As I sit here writing to you from my quiet home, I consider the next time life and laughter will fill it – this weekend! I am also thinking about the peace that can come with quietness. When I am quiet with myself, there can be grief with silence, too. It stands in contrast to how things “were” and can make us wonder if this is “good?”, “Normal?”, “Right?”, because it is different,

 

So, these are the three things I have been reminding myself of to help me embrace this “quiet season” and what is coming. I’ll call them the “Get quiet and”.

  1.  Get quiet and curious. Whether things are quiet or you long for it, make it happen. Take time to get quiet and create space to be curious in whatever way you can. Ask yourself, what do I want to see ahead? How would I like to come out on the other side of this? How can I lean more into what makes me curious that I could lose lots of time thinking about? What do I want to learn more about or be more about? 



  2. Get quiet and alone. 10 min quiet and alone. Meditate, pray, observe your thoughts.
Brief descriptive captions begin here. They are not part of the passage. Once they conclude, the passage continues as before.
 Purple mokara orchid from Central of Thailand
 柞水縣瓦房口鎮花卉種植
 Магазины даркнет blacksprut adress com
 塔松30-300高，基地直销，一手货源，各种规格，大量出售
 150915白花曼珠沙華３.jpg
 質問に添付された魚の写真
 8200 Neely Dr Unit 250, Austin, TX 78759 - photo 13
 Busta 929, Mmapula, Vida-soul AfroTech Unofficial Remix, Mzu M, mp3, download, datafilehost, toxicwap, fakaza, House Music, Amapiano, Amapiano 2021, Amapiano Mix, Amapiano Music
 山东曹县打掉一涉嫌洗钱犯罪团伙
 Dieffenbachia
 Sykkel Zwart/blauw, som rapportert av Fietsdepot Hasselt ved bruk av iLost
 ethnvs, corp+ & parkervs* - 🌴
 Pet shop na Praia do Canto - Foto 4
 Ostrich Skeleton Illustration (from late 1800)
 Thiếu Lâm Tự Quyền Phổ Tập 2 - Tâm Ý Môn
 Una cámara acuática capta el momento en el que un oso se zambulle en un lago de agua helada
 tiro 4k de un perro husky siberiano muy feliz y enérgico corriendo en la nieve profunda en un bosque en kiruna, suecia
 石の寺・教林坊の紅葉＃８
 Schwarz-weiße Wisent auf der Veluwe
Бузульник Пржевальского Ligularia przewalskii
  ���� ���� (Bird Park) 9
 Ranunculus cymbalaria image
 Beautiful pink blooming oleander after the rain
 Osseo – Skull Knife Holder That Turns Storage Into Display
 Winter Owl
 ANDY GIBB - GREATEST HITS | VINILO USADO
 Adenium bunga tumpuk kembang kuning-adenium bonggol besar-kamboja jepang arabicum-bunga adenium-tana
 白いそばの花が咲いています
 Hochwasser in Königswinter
There is so much evidence that 10 minutes a day of quiet meditation can rewire our minds and positively impact how we show compassion to ourselves and others. 



  3. Get quiet and honest. Get quiet and honestly reevaluate where you are. Don’t hide. If you are overfilling your days, what is motivating this? What is this activity helping distract you from? If you are avoiding adding things to your schedule, the very things that align with your values and would fuel you, why? Don’t hide from what makes you wake up. And consider if you are numbing with things that can make you psychologically “fall asleep.” Lastly, don’t hide from the ones who love you and, most importantly, yourself. 



I am excited about this new quiet season, the personal and work goals I have set, and the new opportunities I see and feel rising. 

 

But of course, I am also afraid. 

 

We all crave familiarity, and when we go through change and differences, we can self-sabotage to return to what is familiar. Let's be more honest and open about what we want and need. 

 

Let’s make the time to get quiet so we can know what these things are and be ready to recognize and welcome them. 

 

How about you? Are there any “get quiet” strategies you have found that work? 

 

I look forward to your ideas on welcoming and benefiting from quiet.